1 of 2 nets routed

Hi. Newbie question.

I’m thinking about to produce LED Blinking.

Then I have created using the Breadboard view. However,

I notice a message on the breadboard view’s status bar saying “1 of 2 nets routed - 1 connection still to be routed”.

When I click on the message I get the following message “There are no unrouted connections in this view”.

How do I find the unrouted connection mentioned in the first message?

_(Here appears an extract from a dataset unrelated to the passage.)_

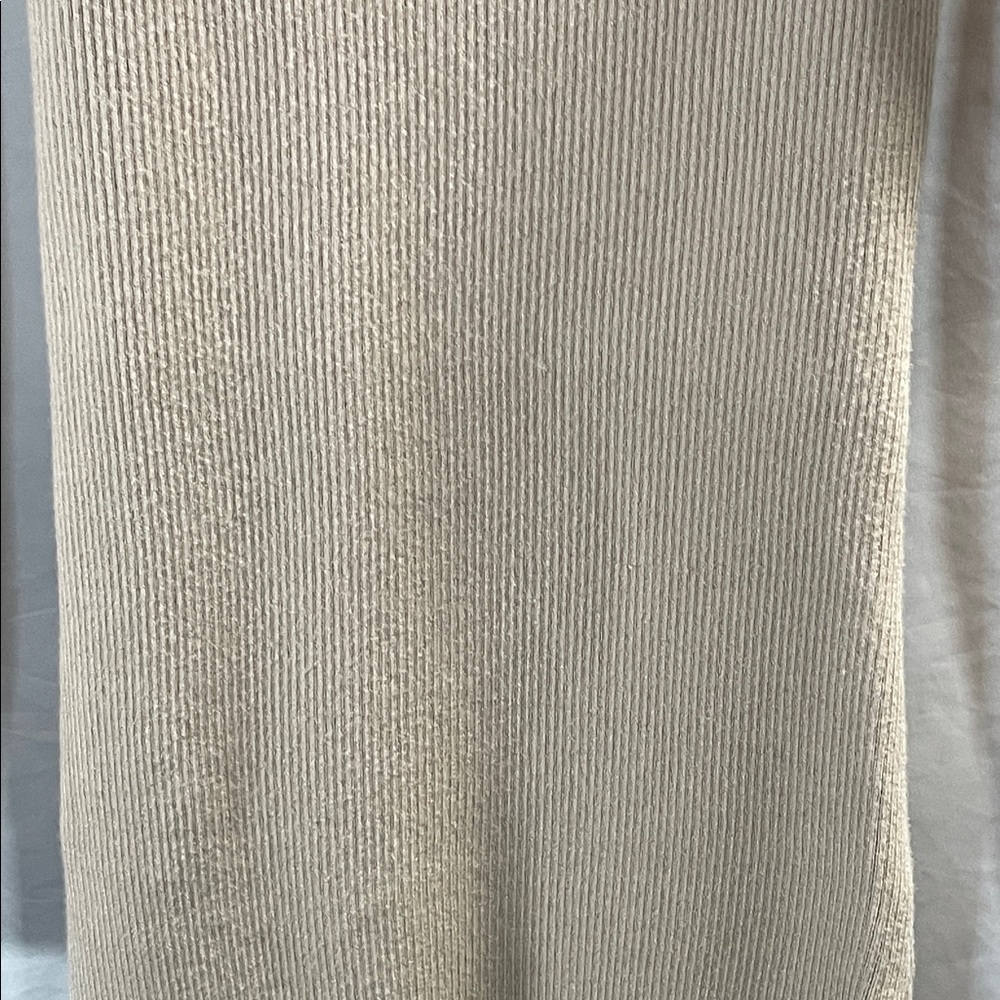 Chic Long Sleeve Beige Knit Dress - Picture 10 of 13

Is there an unrouted message?

Here is my file:
Sketch .fzz (3.4 KB)

Thanks,
Kimura.

When I loaded your sketch in Fritzing 0.9.3b on Win7 it says breadboard is routing completed which looks to be correct (all the connection points are green). There are unrouted connections in schematic, and in addition the grid was set to an odd value (which may just be me :slight_smile: ). To check in schematic click on view->set grid size and if it is something other than .1 in, click the restore default button (which will set it back to 0.1) and click ok. You then need to move all your parts and connections so they snap to the grid correctly. Normally the “still to be routed” message means you have connections that are still red (even though they look connected if they are red, they are not and you need to move them til they turn green). If that doesn’t fix your problem, post again, because this may also be database corruption on your machine and there is a different cure for that if it is present.

Peter

thanks I’ve tried but not fixed.

When I loaded this sketch in Fritzing 0.9.3b on Win10 (fritzing.0.9.3b.64.pc.zip) ,
the breadboard view looks to be collect (all points are green.) , and
schematic view’s probrem is resolved.
However,
breadboard view’s status bar is saying “1 of 2 nets routed - 1 connection still to be routed” yet.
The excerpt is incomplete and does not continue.